Au vu de ce besoin de protection qui vient d’être évoqué et en vertu de sa responsabilité en matière de coordination, le Conseil fédéral devrait s’engager pour que les cantons orientent leurs législations sanitaires en fonction des lignes directrice suivantes (3) :

* Les dispositions légales en vigueur doivent être appliquées ou adaptées aux nouveaux besoins et aux nouvelles opinions.

* Lorsqu’un canton décide de tolérer des pratiques thérapeutiques non scientifiques, il doit assurer que l’autorisation, l’inscription ou la simple autorisation des personnes qui appliquent ces pratiques ne permette pas de donner au public l’impression que l’Etat a testé l’efficacité ou l’innocuité de ces méthodes.

* L’obligation légale pour le thérapeute de renseigner ses patients sur les risques liés à la pratique de ces méthodes thérapeutiques non scientifiques.

* L’interdiction de toute indication, toute assertion qui ne peut être prouvée, qui est fausse ou qui est susceptible d’induire le patient en erreur, tant sur ses propres méthodes théra-peutiques que sur celles des méthodes en concurrence (notamment de la médecine traditionnelle), et ceci tant pour la publicité que dans le cadre de publications ou de discus-sions avec les patients.

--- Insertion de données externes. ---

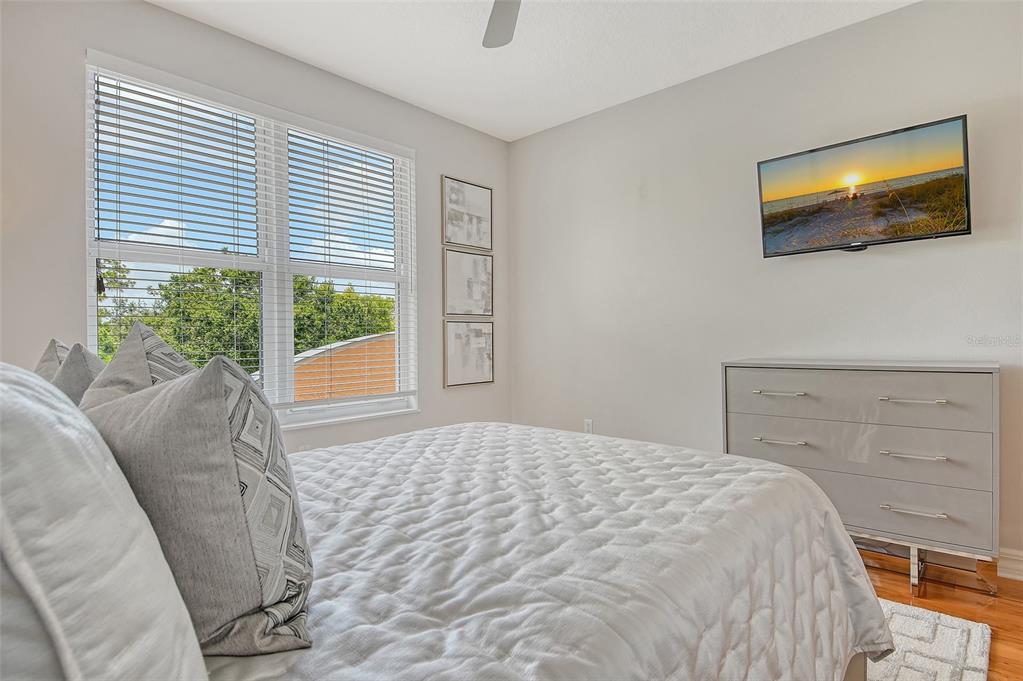 401 North Point Road, Unit 304 Osprey, FL 34229 - Photo 44 of 95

* L’obligation d’indiquer la méthode appliquée et, le cas échéant, la doctrine qui est à sa base. Cette obligation doit être liée à l’interdiction d’utiliser des méthodes non déclarées (l’hypnose par exemple).

* Il est nécessaire de veiller à ce que la réglementation ne puisse pas être contournée en prodiguant les actes thérapeutiques non pas dans le cadre d’un rapport soignant - patient, mais au sein d’un groupe dont l’organisation du travail est compartimentée.

Ces principes, qui ne gênent pratiquement pas les thérapeutes sérieux, permettraient de combattre efficacement les dérives liées aux activités des groupes endoctrinants.


(1) En Allemagne, le projet hambourgeois partait du principe général du renversement du fardeau de la preuve (indépendamment de l’information du participant). L’organisateur aurait donc dû prouver qu’il n’a pas causé le dommage intervenu. Ce principe a ensuite été abandonné étant donné que les " profils de risque des méthodes et techniques " utilisées dans ce domaine ne sont pas assez bien connus, voir le rapport final de la commission d’enquête du Bundestag allemand, p. 370.

(2) Voir article 3 cst. qui délimite les compétences de la Confédération de manière très étroite, notamment à la loi sur l’assurance-maladie et accidents, la loi sur les épidémies, loi sur les toxiques, brevets fédéraux ; voir Honsell, Handbuch des Arztrechtes, pp. 216 et ss. ainsi que 236 et ss.

(3) Le Grand Conseil de Bâle-Ville a réglé ces principes à l’occasion de la révision de la loi sur l’exercice des professions médicales. Il a introduit l’autorisation de la pratique de diverses médecines dites alternatives (comme l’acupuncture, la médecine traditionnelle chinoise ainsi que d’autres pratiques dites non scientifiques). La loi a été adoptée en mai 1997, il n’a pas été fait usage du délai référendaire. Les lignes directrices exposées ci-dessus sont contenues dans la loi et dans l’ordonnance entrant en vigueur le 1er juillet 1999.